### What is being asked
Each line of the records must appear in your answer exactly, with no pictures.

### Task input
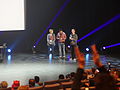 Remise des prix du concours de jeux vidéo.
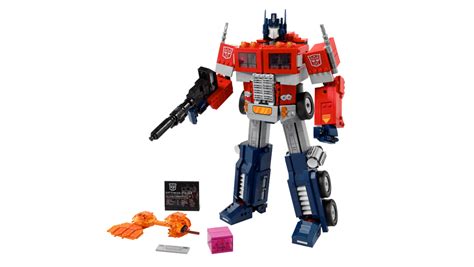 LEGO TRANSFORMERS Optimus Prime Set Seamlessly Transforms Itself - Nerdist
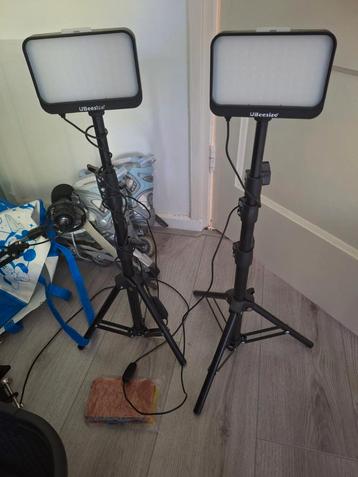 Ubeesize 2pack LED Videolicht. beschikbaar voor biedingen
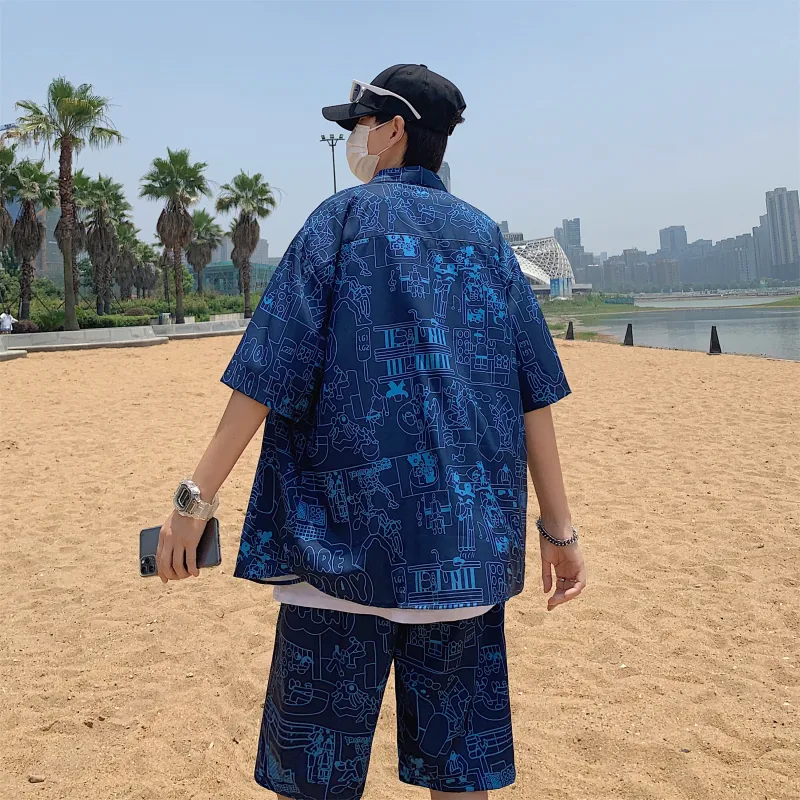 ZWWWZ Shirt Matching Set Unisex-7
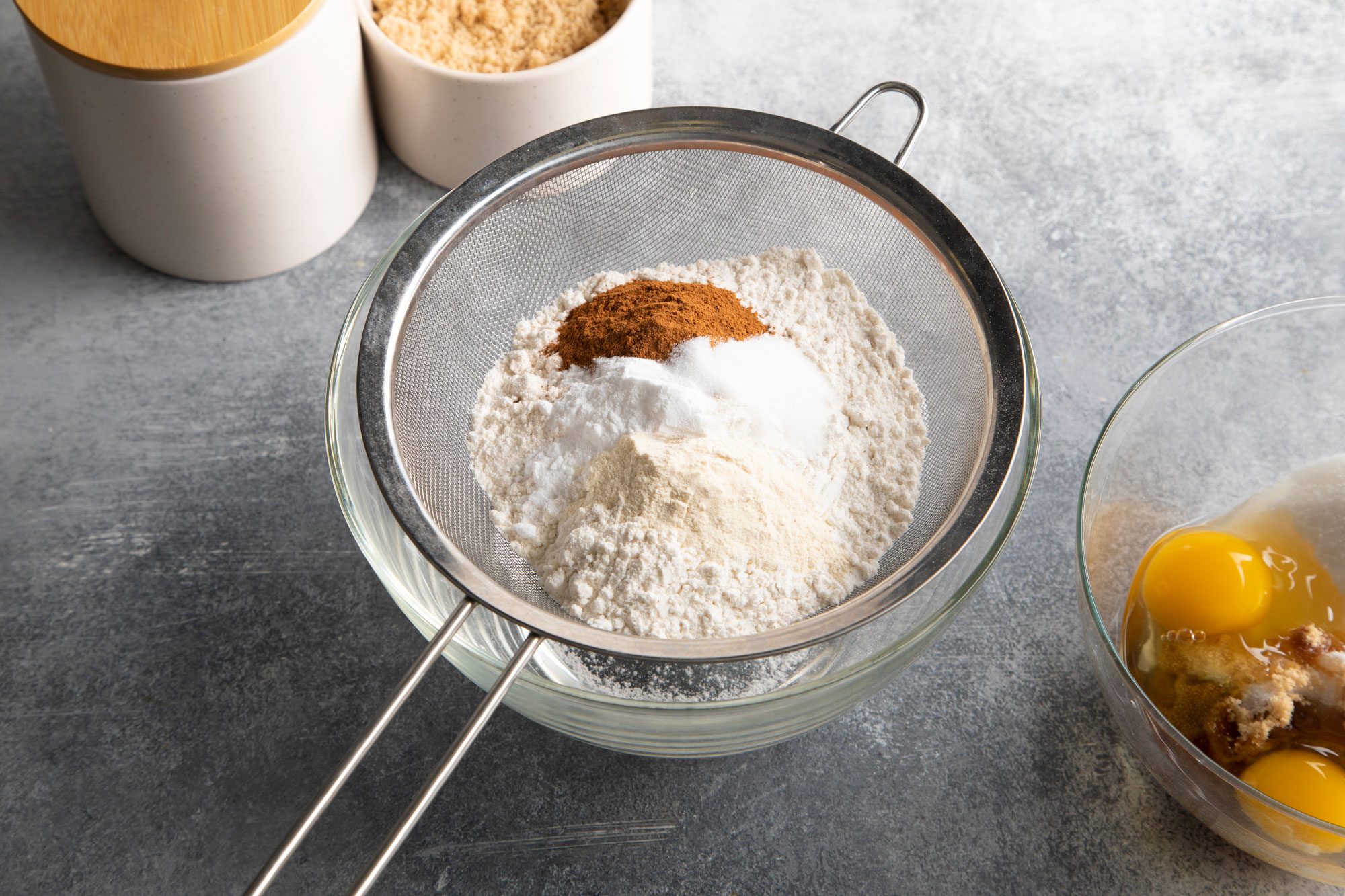 Gluten Free Pumpkin Bread sift ingredients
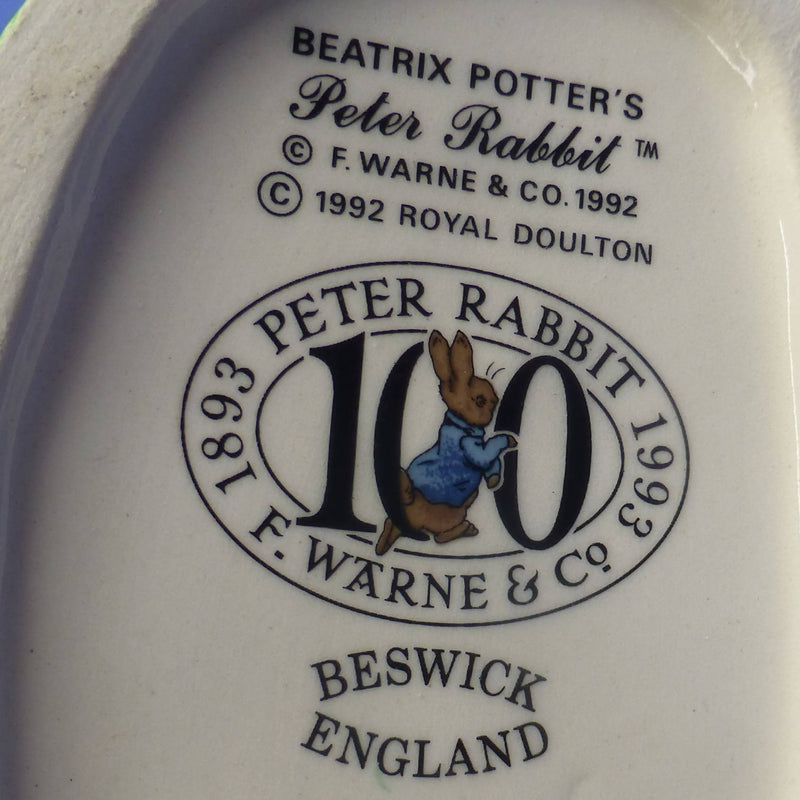 Beswick Large Beatrix Potter Figurine - Peter Rabbit - Centenary Edition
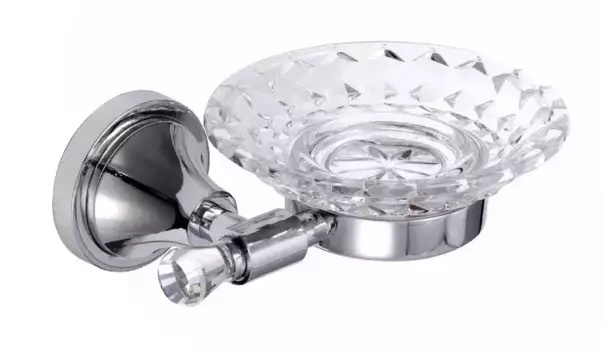 Мыльница «Sofita » Sofita Crystal SF-35008 на стену хром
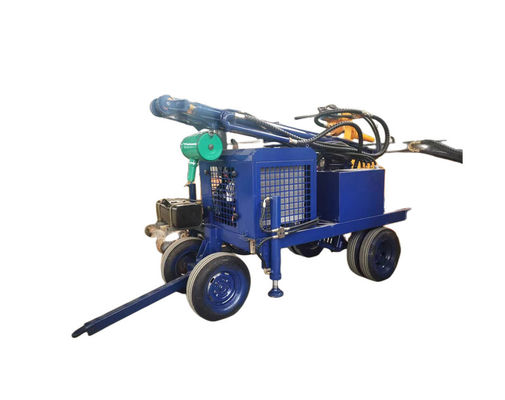 Machine de forage de forage de 180 m de profondeur 55 kW Moteur 90 mm - 300 mm Dia 5200 kg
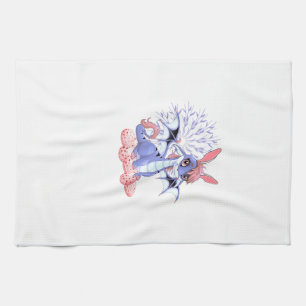 Cute Anime Dragon Bunny Easter Shirt Toddler Girl Kitchen Towel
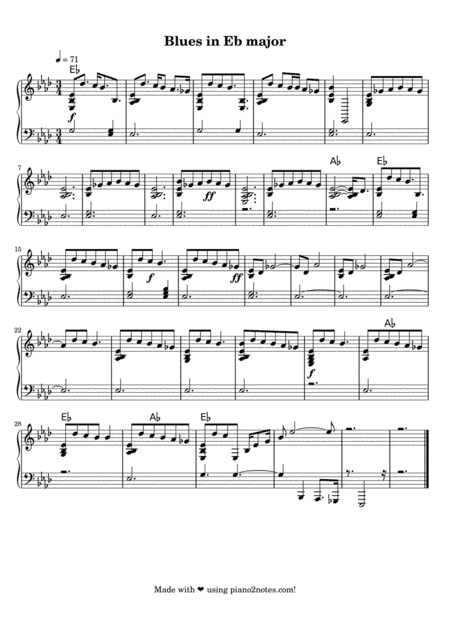 Blues in Eb major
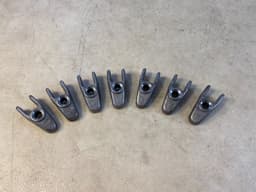MERCEDES-BENZ Mercedes G class W463 OM628 GENUINE Fuel Injector Holder x8 psc SET — thumbnail 3
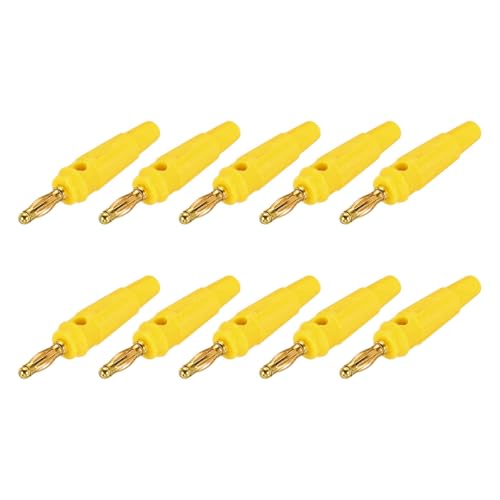 MECCANIXITY 10 Piezas Conectores Banana 4mm Amarillo miniatura 1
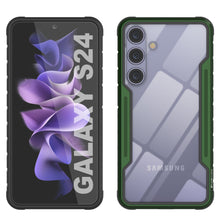 Load image into Gallery viewer, Punkcase S24 Armor Stealth Case Protective Military Grade Multilayer Cover [Dark Green]
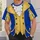 Royal Blue And Gold Courtier Tunic For Fantasy Cosplay And Renaissance Festival Events All-over Print Unisex T-shirt - 5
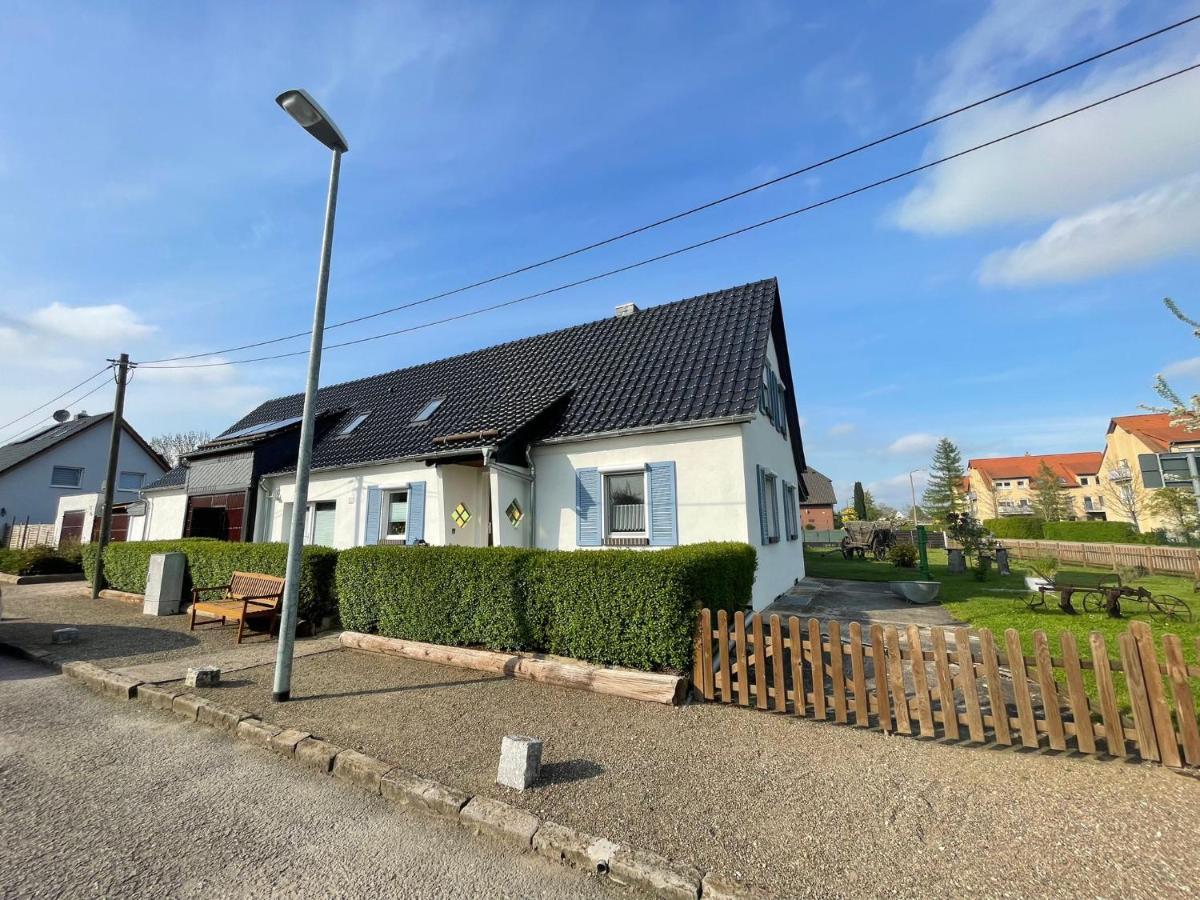Pension Landhaus An Der Saale Bernburg Eksteriør bilde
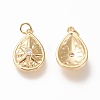 Brass Pendants X-ZIRC-L098-029G-2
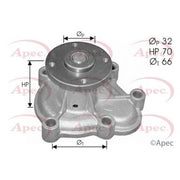 Apec Engine Cooling Water Pump AWP1404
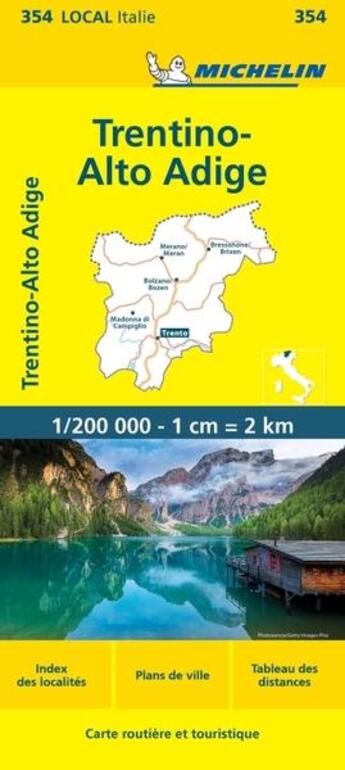 Couverture du livre « Trentino-alto adige » de Collectif Michelin aux éditions Michelin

### Result of this exercise
 Remise des prix du concours de jeux vidéo.
 LEGO TRANSFORMERS Optimus Prime Set Seamlessly Transforms Itself - Nerdist
 Ubeesize 2pack LED Videolicht. beschikbaar voor biedingen
 ZWWWZ Shirt Matching Set Unisex-7
 Gluten Free Pumpkin Bread sift ingredients
 Beswick Large Beatrix Potter Figurine - Peter Rabbit - Centenary Edition
 Мыльница «Sofita » Sofita Crystal SF-35008 на стену хром
 Machine de forage de forage de 180 m de profondeur 55 kW Moteur 90 mm - 300 mm Dia 5200 kg
 Cute Anime Dragon Bunny Easter Shirt Toddler Girl Kitchen Towel
 Blues in Eb major
MERCEDES-BENZ Mercedes G class W463 OM628 GENUINE Fuel Injector Holder x8 psc SET — thumbnail 3
 MECCANIXITY 10 Piezas Conectores Banana 4mm Amarillo miniatura 1
 Load image into Gallery viewer, Punkcase S24 Armor Stealth Case Protective Military Grade Multilayer Cover [Dark Green]
 Royal Blue And Gold Courtier Tunic For Fantasy Cosplay And Renaissance Festival Events All-over Print Unisex T-shirt - 5
Pension Landhaus An Der Saale Bernburg Eksteriør bilde
 Brass Pendants X-ZIRC-L098-029G-2
 Apec Engine Cooling Water Pump AWP1404
 Couverture du livre « Trentino-alto adige » de Collectif Michelin aux éditions Michelin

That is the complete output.